◆ **EXERCISE**: Leave out the pictures, and reproduce exactly the lines from the line containing "Oil on steel" through the final line of the entries.

◆ **EXTRACTED ENTRIES**:
────
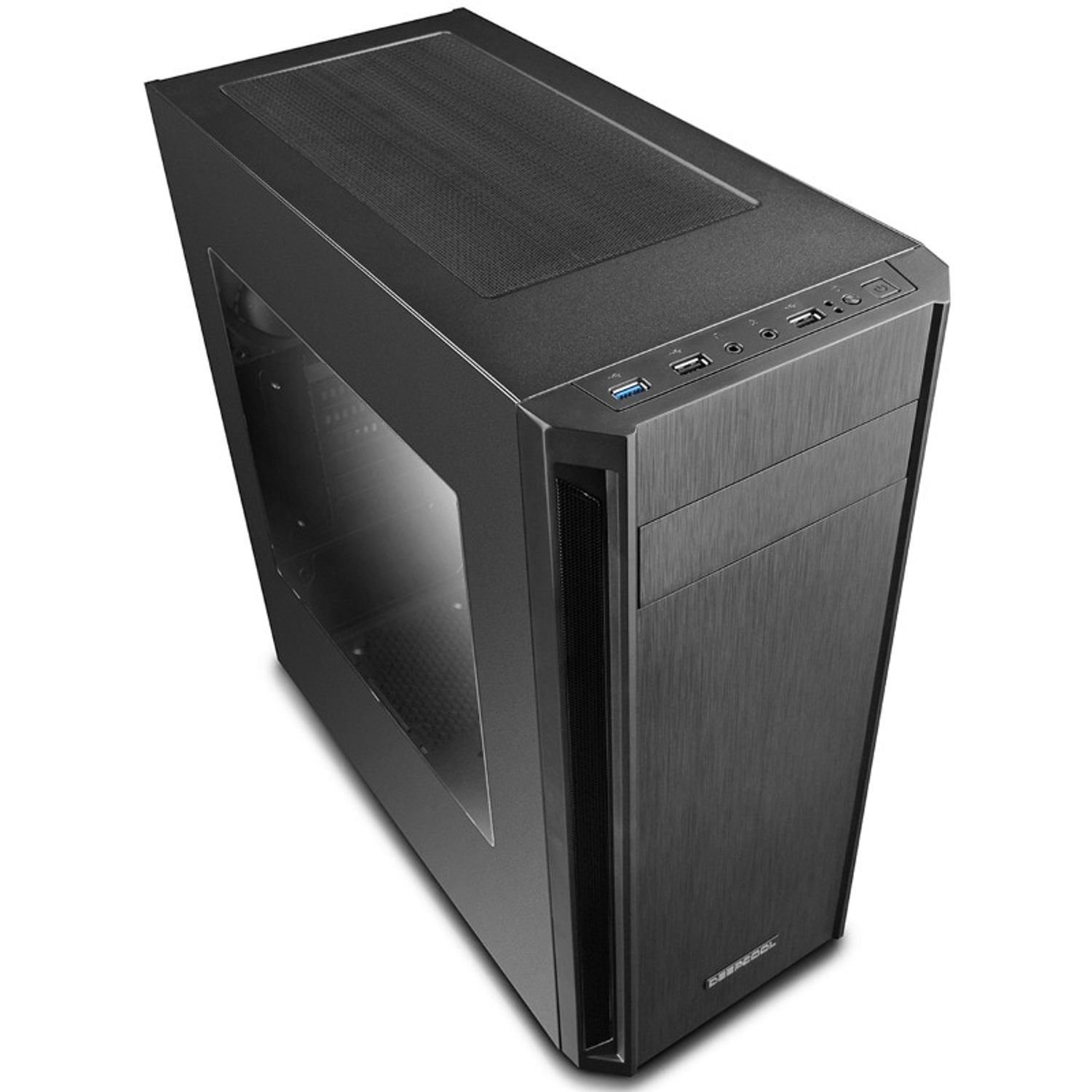 Carcasa Deepcool D-Shield V2 Black Case, Mid Tower Case, Carcasa Deepcool D-Shield V2 (Neagra) fotografia produsului View 10 L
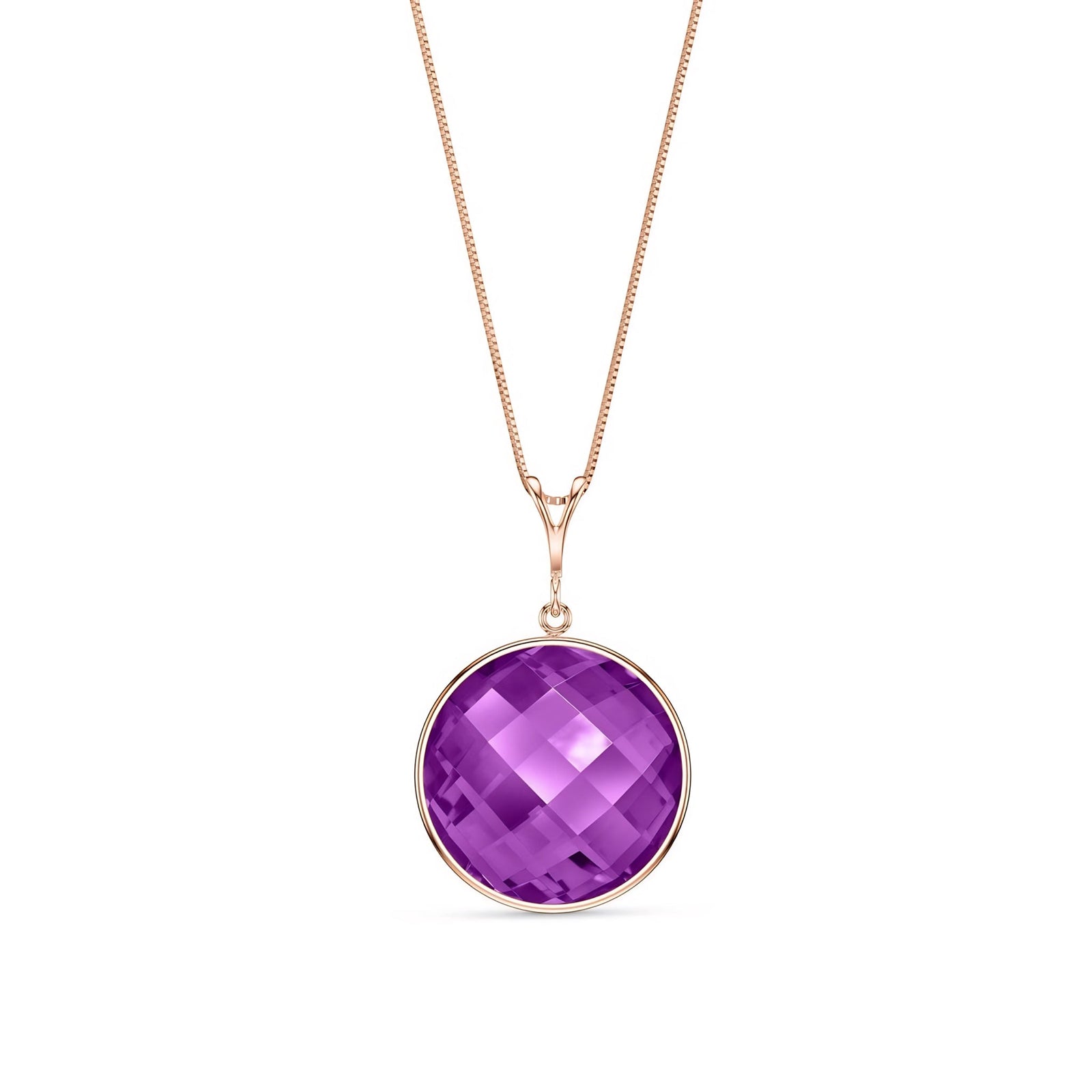 Rose Gold Pendant Necklace Ruby 10K — Cherubina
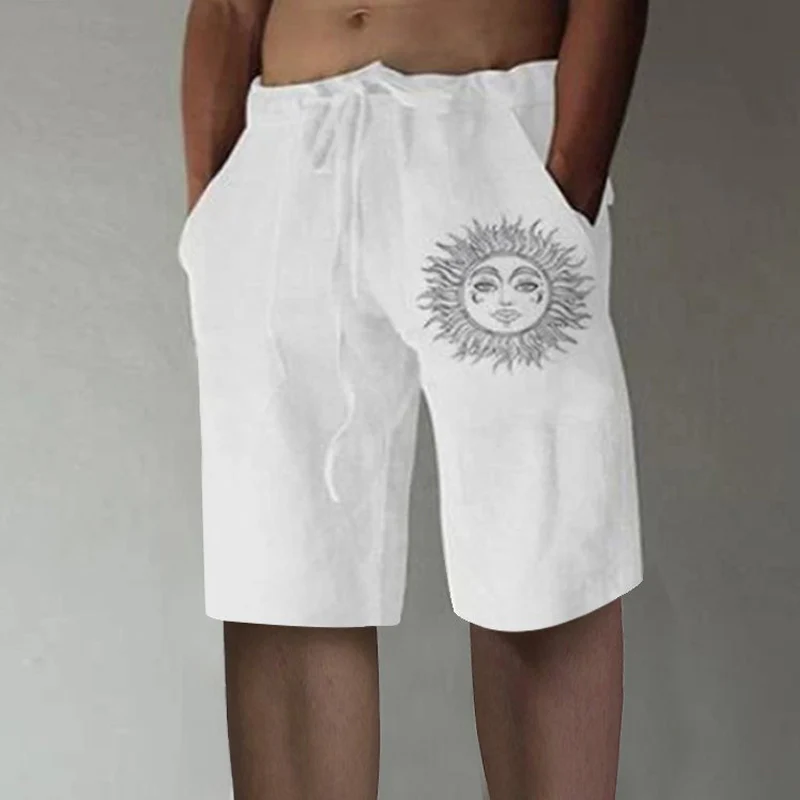 Men's Stretch Drawstring Straight Shorts - Image 2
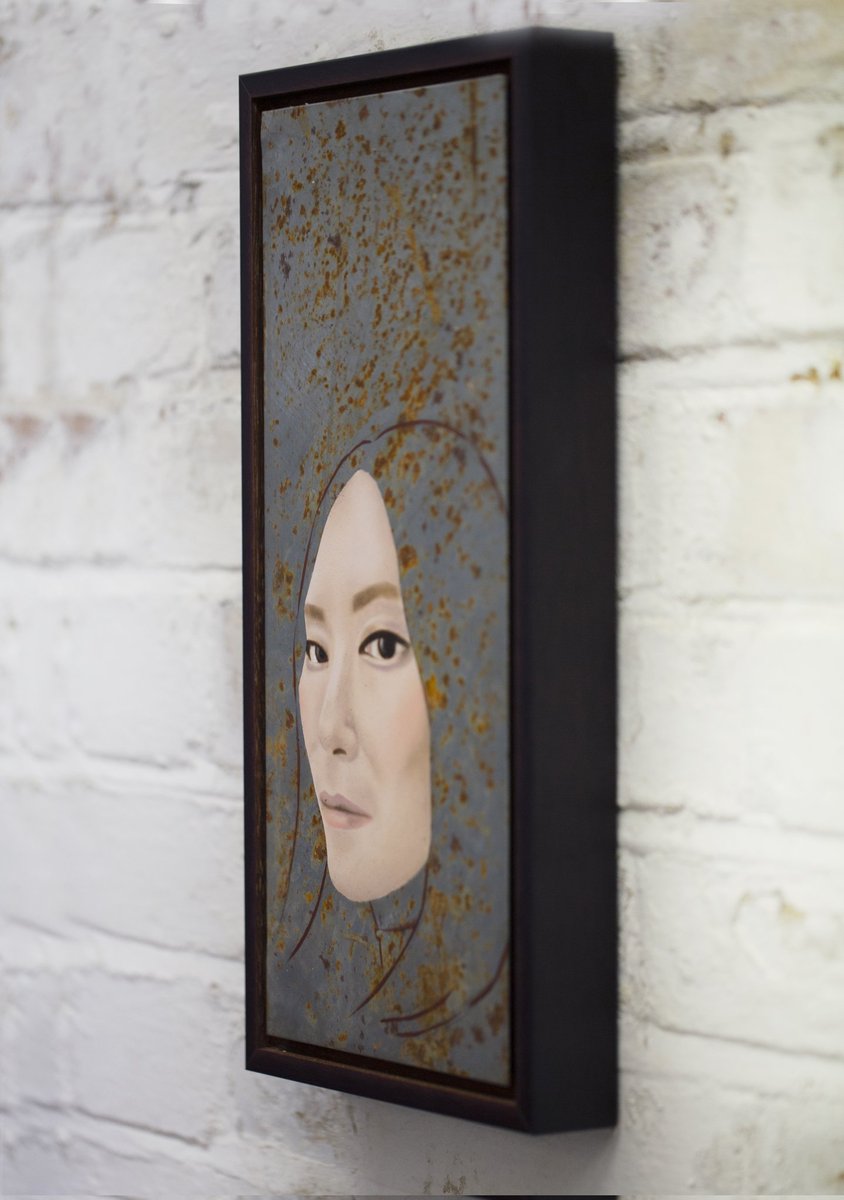 AndreaTyrimos's tweet photo. In the studio with 'Sui III' 🖤

Sui III
Oil on steel
38 x 18cm, framed
#mentalhealthmatters

#AndreaTyrimos #contemporaryart https://t.co/takl4pETKH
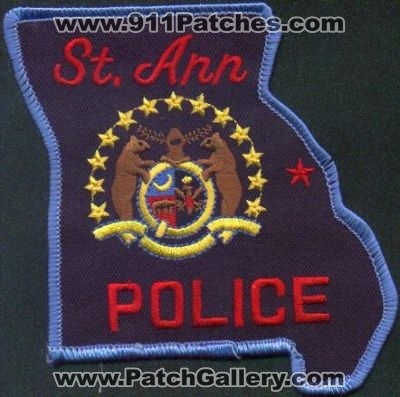 St Ann Police
Thanks to EmblemAndPatchSales.com for this scan.
Keywords: missouri saint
────
◆ **ANSWER TO THIS TASK**:
Oil on steel
38 x 18cm, framed
#mentalhealthmatters

#AndreaTyrimos #contemporaryart https://t.co/takl4pETKH
 St Ann Police
Thanks to EmblemAndPatchSales.com for this scan.
Keywords: missouri saint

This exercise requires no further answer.